**Exercise objective:**
For this exercise, transcribe all the entries exactly as given and omit the images.

================================

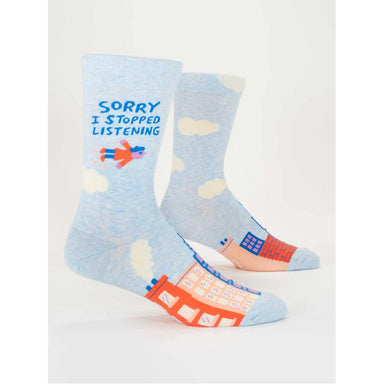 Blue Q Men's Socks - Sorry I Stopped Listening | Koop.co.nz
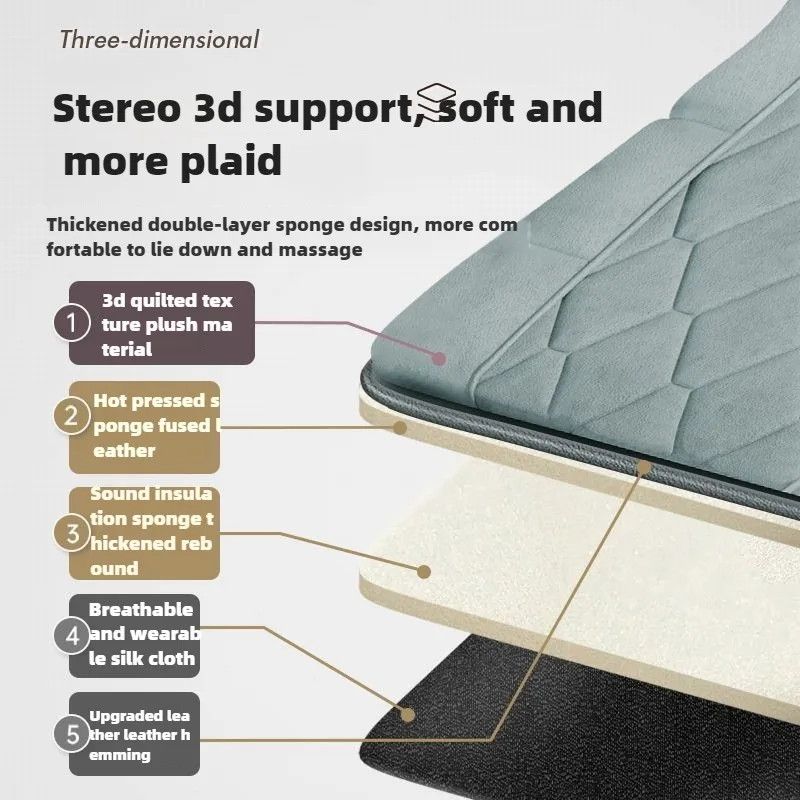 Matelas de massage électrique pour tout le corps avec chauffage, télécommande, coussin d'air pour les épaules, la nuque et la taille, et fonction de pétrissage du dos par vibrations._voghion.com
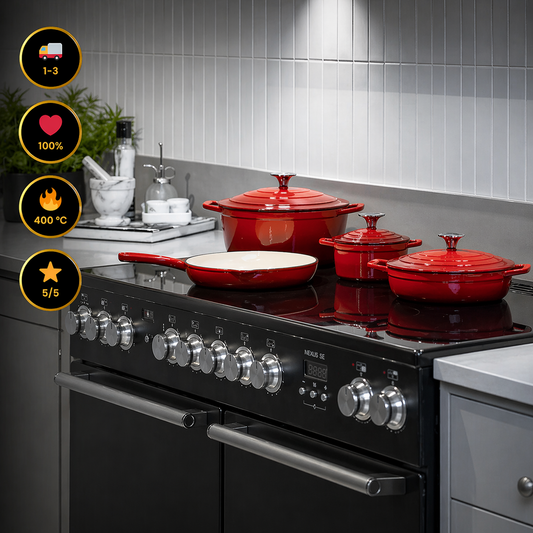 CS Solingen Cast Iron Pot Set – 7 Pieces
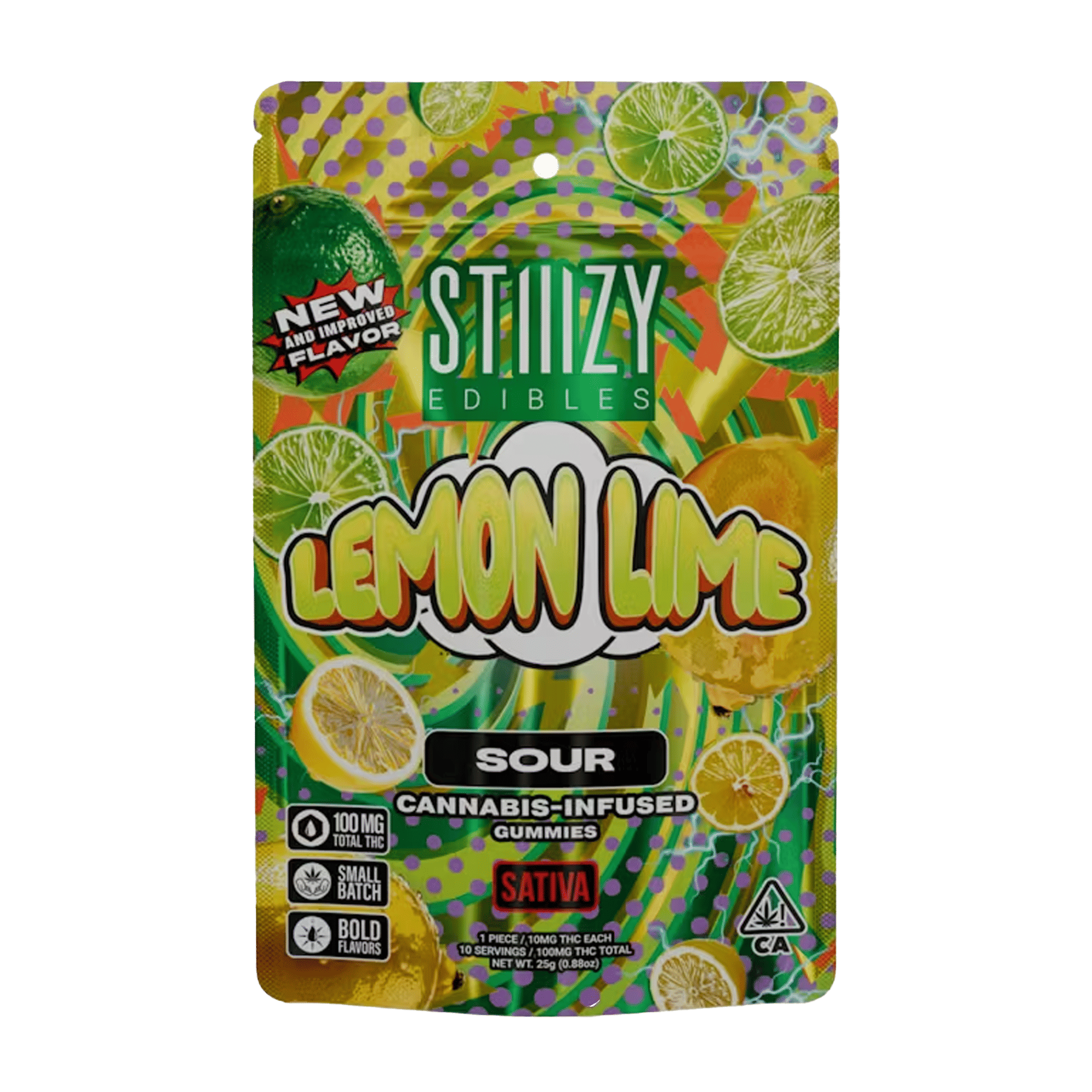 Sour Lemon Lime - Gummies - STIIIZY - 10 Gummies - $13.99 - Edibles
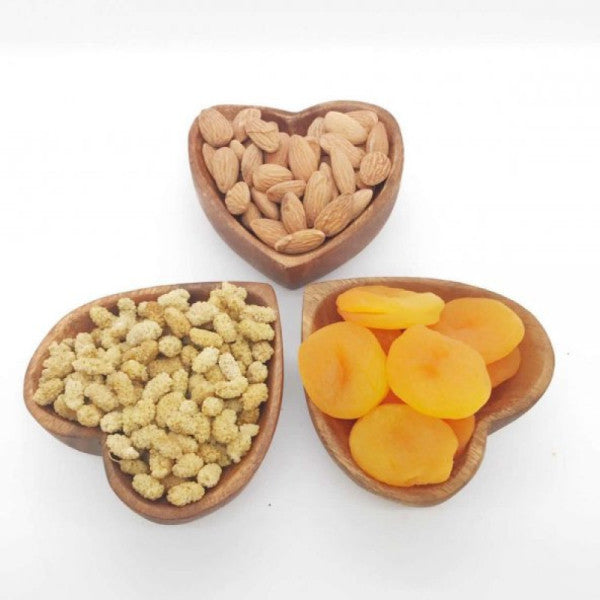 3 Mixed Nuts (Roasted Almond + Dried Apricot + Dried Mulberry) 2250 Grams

================================

**Response for this exercise:**
 Blue Q Men's Socks - Sorry I Stopped Listening | Koop.co.nz
 Matelas de massage électrique pour tout le corps avec chauffage, télécommande, coussin d'air pour les épaules, la nuque et la taille, et fonction de pétrissage du dos par vibrations._voghion.com
 CS Solingen Cast Iron Pot Set – 7 Pieces
 Sour Lemon Lime - Gummies - STIIIZY - 10 Gummies - $13.99 - Edibles
 3 Mixed Nuts (Roasted Almond + Dried Apricot + Dried Mulberry) 2250 Grams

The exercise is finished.